Task statement >> Pictures do not belong in your copy. Repeat all the other data exactly.

Dataset extract >>
Start of Block
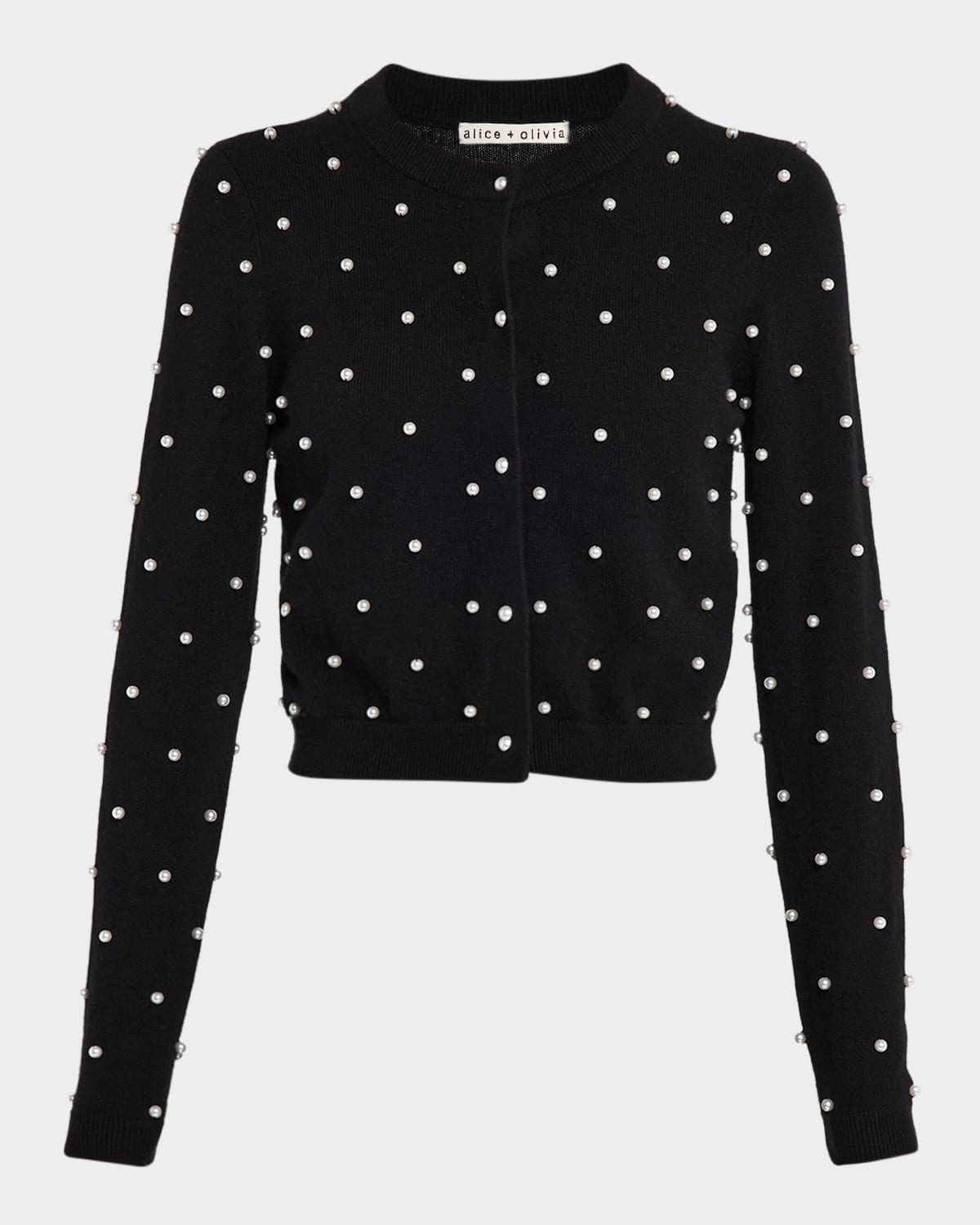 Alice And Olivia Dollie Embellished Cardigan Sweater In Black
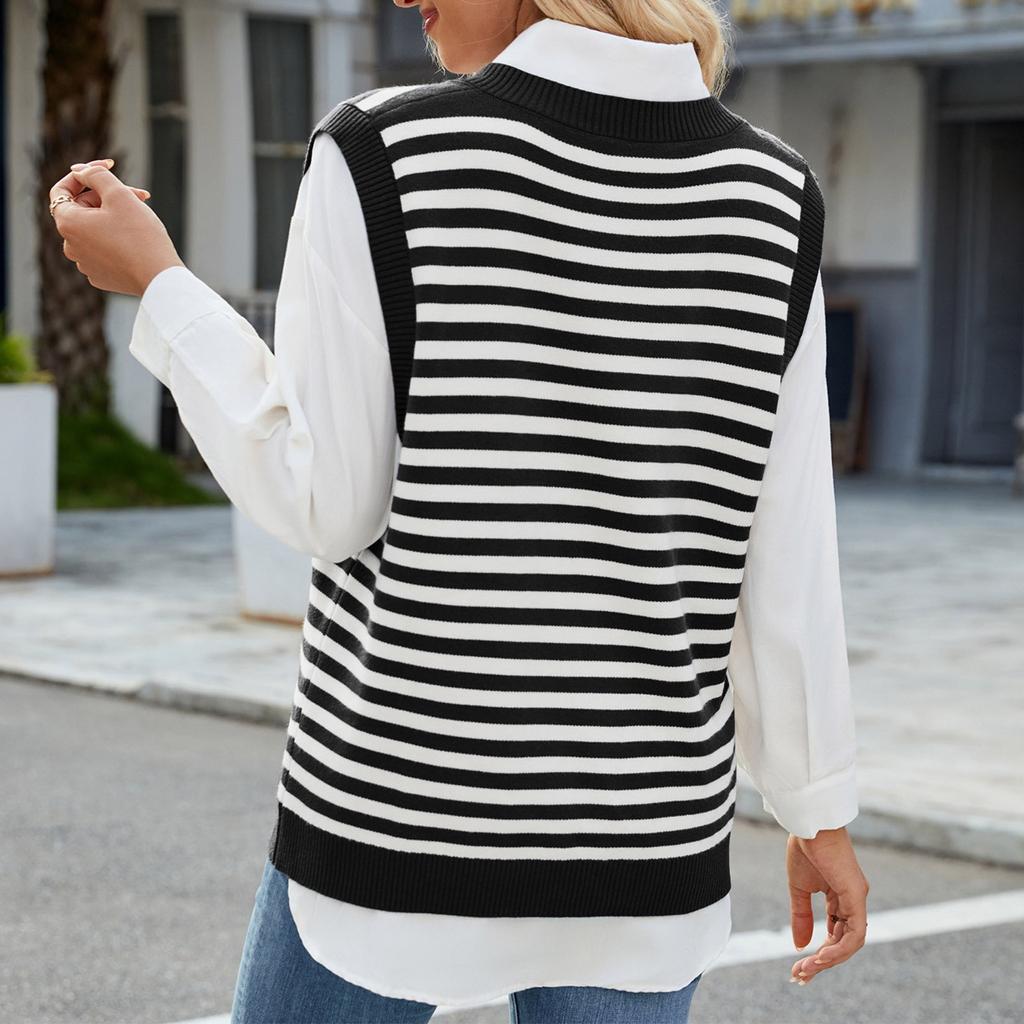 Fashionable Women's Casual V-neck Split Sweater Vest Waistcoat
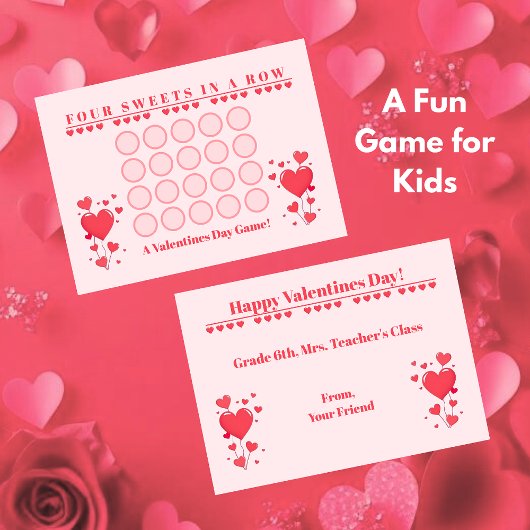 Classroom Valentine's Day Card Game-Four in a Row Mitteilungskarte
End of Block
Completed exercise >>
 Alice And Olivia Dollie Embellished Cardigan Sweater In Black
 Fashionable Women's Casual V-neck Split Sweater Vest Waistcoat
 Classroom Valentine's Day Card Game-Four in a Row Mitteilungskarte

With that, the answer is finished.